Required action: Go to the line holding "NEW HOLLAND T6.175 completo" in the data below. Return it and each line after it through the last, exactly, and skip the pictures.

[Caption-style text data]
╭──

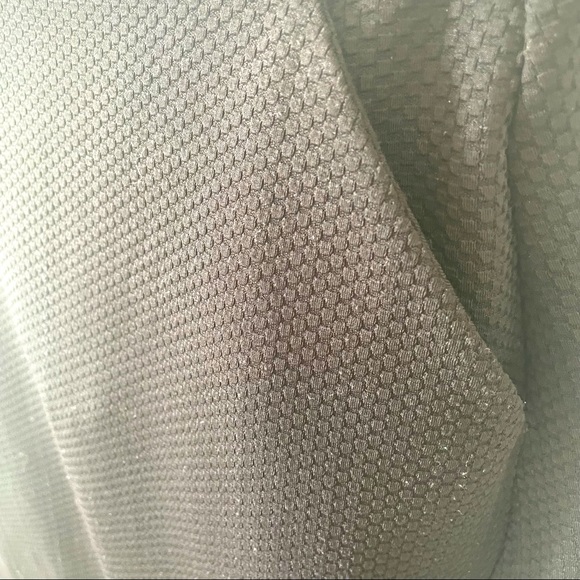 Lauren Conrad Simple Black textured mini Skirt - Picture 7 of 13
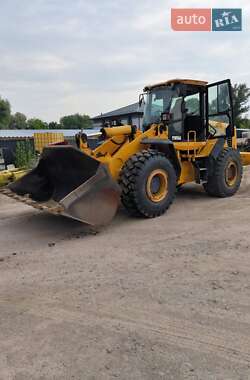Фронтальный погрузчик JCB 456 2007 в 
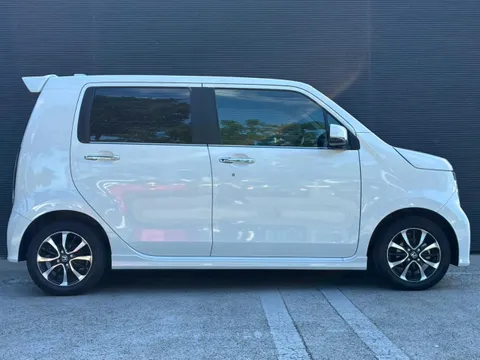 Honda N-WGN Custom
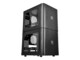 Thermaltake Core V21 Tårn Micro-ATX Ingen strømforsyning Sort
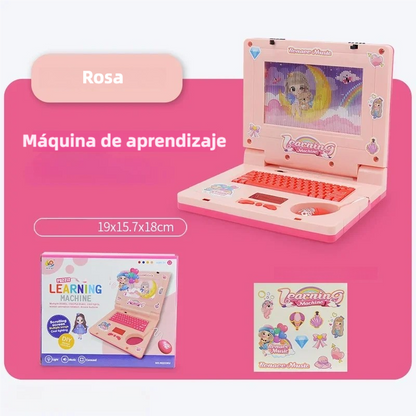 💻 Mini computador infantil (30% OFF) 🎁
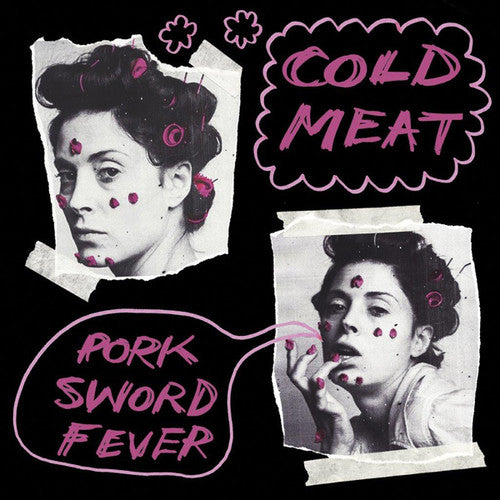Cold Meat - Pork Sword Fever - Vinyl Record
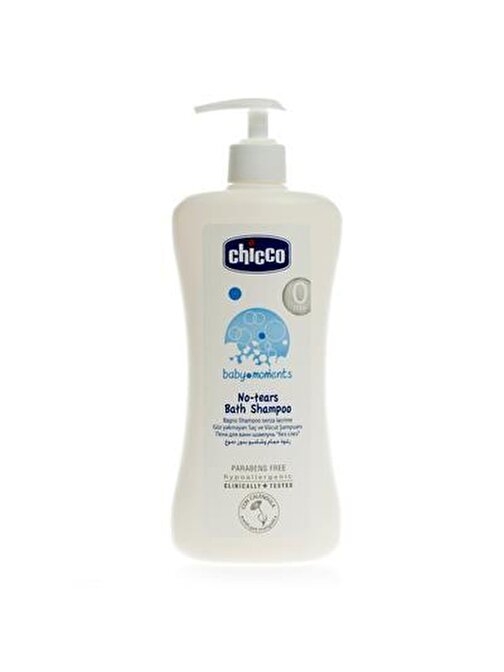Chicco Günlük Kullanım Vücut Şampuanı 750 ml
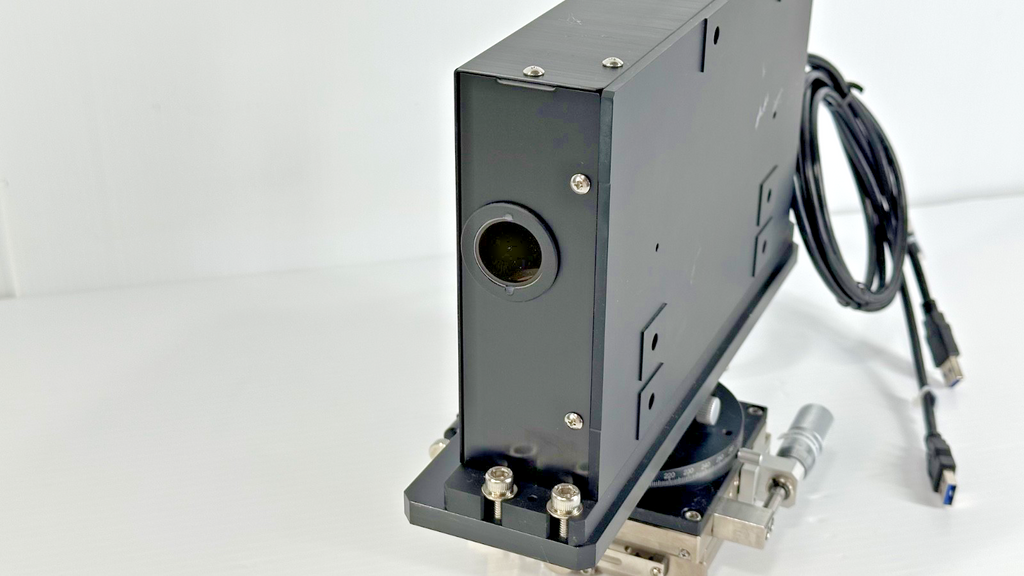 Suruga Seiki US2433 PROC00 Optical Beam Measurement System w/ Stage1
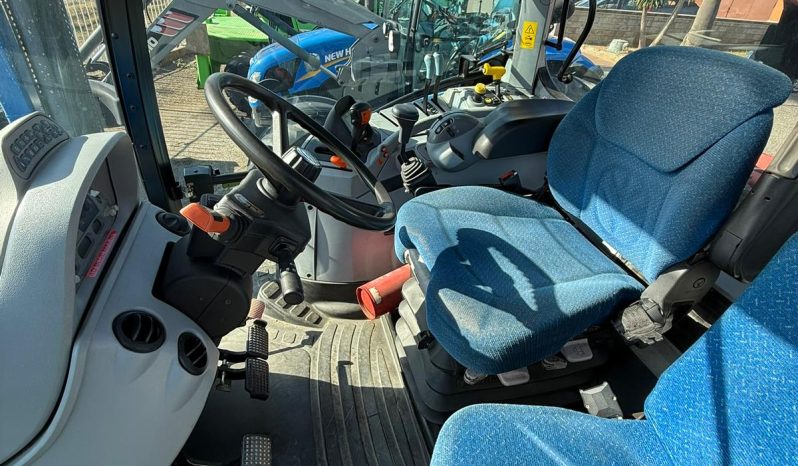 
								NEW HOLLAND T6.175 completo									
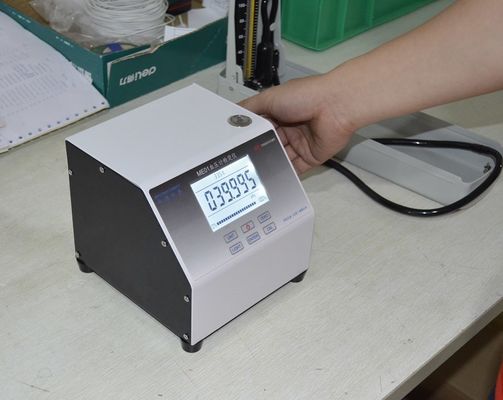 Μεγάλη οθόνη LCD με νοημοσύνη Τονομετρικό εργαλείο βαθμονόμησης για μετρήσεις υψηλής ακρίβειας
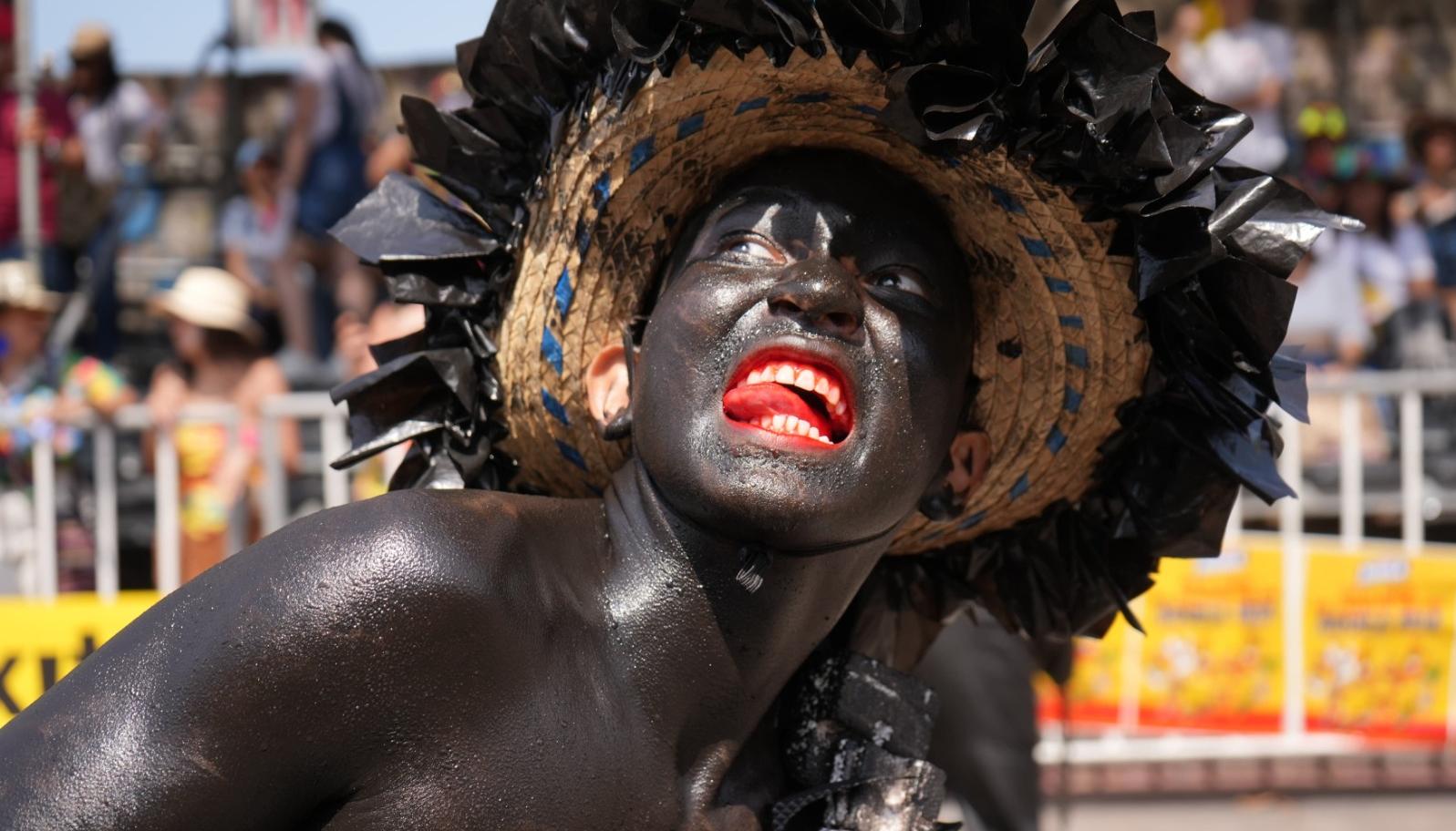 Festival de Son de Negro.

╰──

Solution:
								NEW HOLLAND T6.175 completo									
 Μεγάλη οθόνη LCD με νοημοσύνη Τονομετρικό εργαλείο βαθμονόμησης για μετρήσεις υψηλής ακρίβειας
 Festival de Son de Negro.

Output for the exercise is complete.